None of that fazed Leiter.

"In my opinion, this is the big leagues and it doesn’t matter who the lineup is," he said. "They all have the ability to hit and hit well. They’re all big-leaguers and they've earned their right to be big-leaguers. I was just trying to pitch to the team you're facing that day."

Leiter trusted his low-90s fastball and commanded it well. He mixed in his secondary stuff and kept the D-backs off-balance with his splitter. He scattered three hits, walked one and struck out five. He showed no fear.

"Great performance," manager Pete Mackanin said. "He made it look easy. He made a lot of good hitters look bad with his split. For him to come up and do that to a real good hitting team was outstanding."

Leiter's dad, Mark Sr., pitched for the Phillies in 1997 and 1998. He made the trip in from New Jersey to watch his son's first big-league start.

"I guess they found him on TV," Leiter said. "That's what they were telling me. I'm sure he wasn't too pleased they found him because he was probably stressed out. But I think it was probably worth him coming out here. He's probably happy."

How could he not be?

Leiter's teammates were definitely happy.

They treated Leiter to a raucous postgame dousing that included as many different condiments as could be found in the clubhouse dining room. One laughing player had a bottle of ketchup in his hands. Another had a squeeze bottle of honey.

And then there was the guacamole and mayo that Rupp mentioned.

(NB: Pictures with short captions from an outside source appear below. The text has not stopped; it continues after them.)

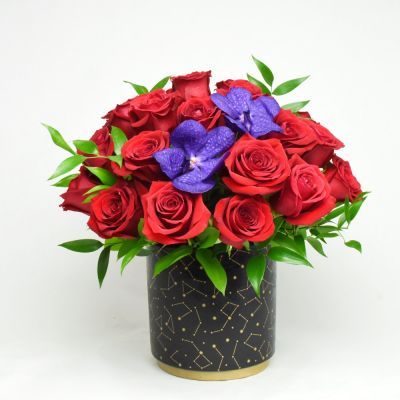 Written in The Stars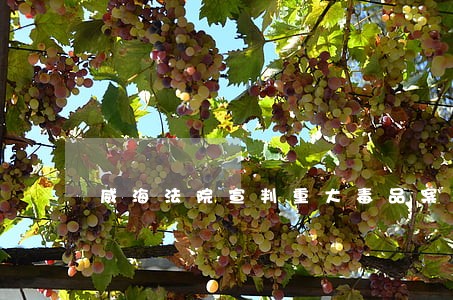 威海法院宣判重大毒品案视频 威海法院宣判重大毒品案视频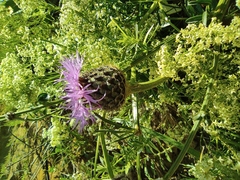Centaurea scabiosa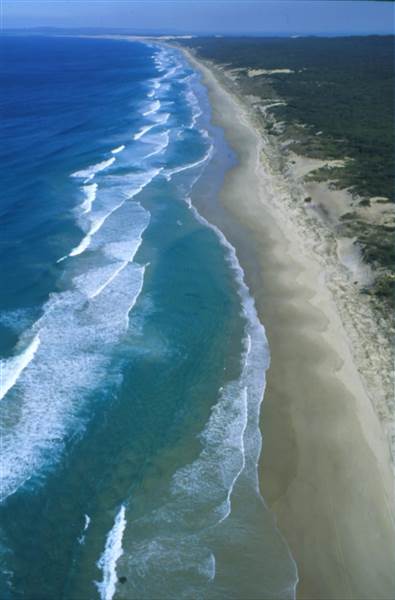 Mulgumpin (Moreton Island) (14/05/2009)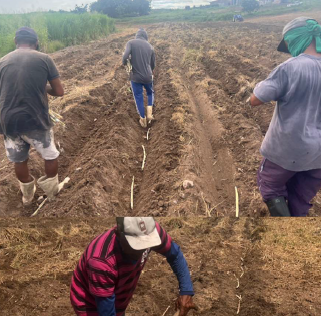 Programa Forrageiras do Ceará encerra 2025 com quase 500 Unidades Disseminadoras de Tecnologia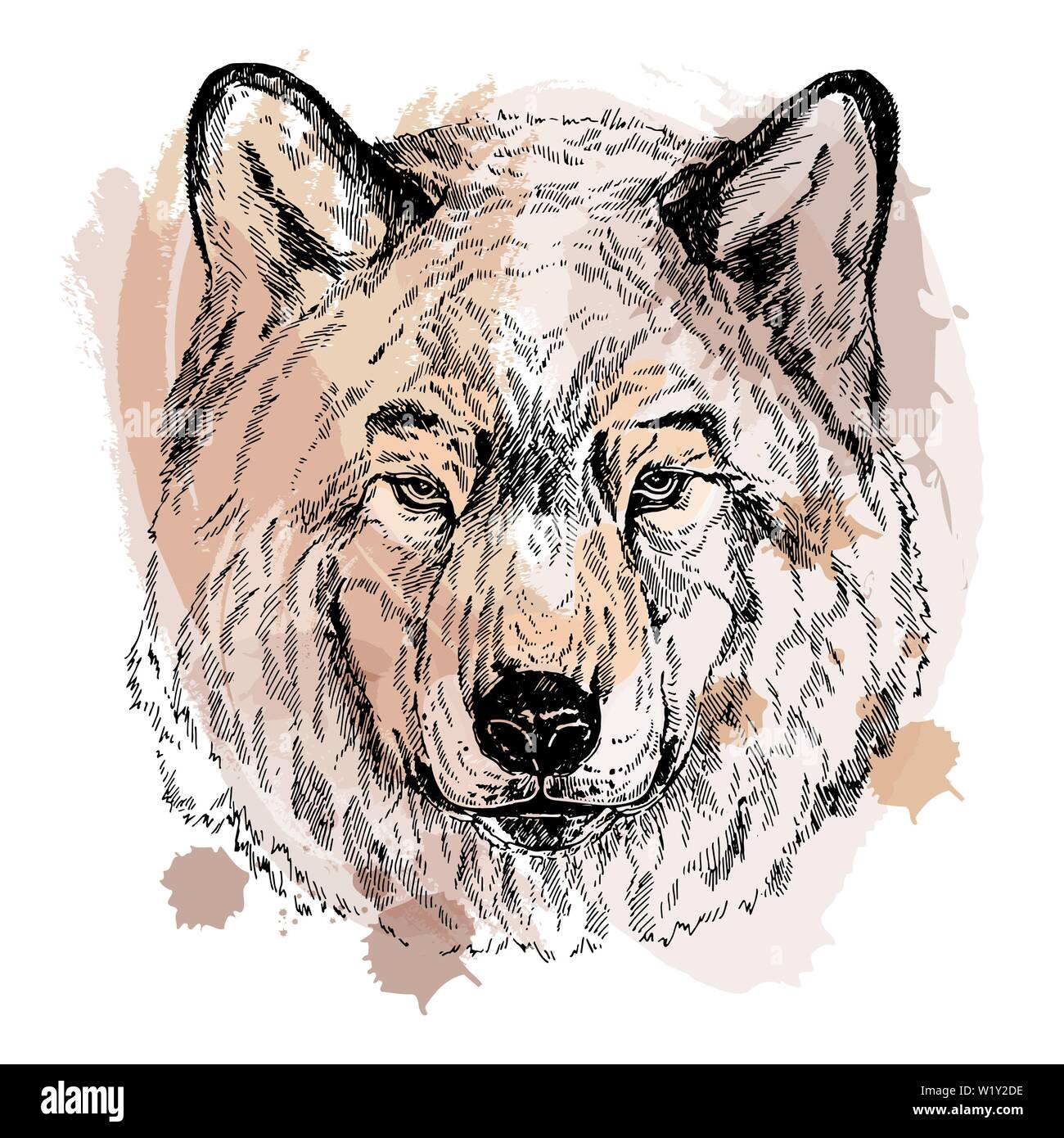 Wolf Sketch Cut Out Stock Images & Pictures Alamy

"In his first major-league start, to come up here and do that in what is known as a good hitters’ park - that proves Mark is pretty strong between the ears," Tommy Joseph said. "He's been one of those under-the-radar guys that people have doubted, but his mentality and ability to prepare are second to none."

Joseph played a big role in the win, smacking a two-run homer in the ninth inning to give the Phillies some breathing room. Maikel Franco also had a big home run and Freddy Galvis contributed an important triple that led to a Phillies' run in the first inning.

The Phils still have the worst record in the majors at 24-48, but they've won two in a row, both on the back of good starting pitching performances. Aaron Nola pitched 7 1/3 innings of one-run ball on Thursday.

And Leiter delivered on Friday.

"It's good to see those back-to-back," Mackanin said.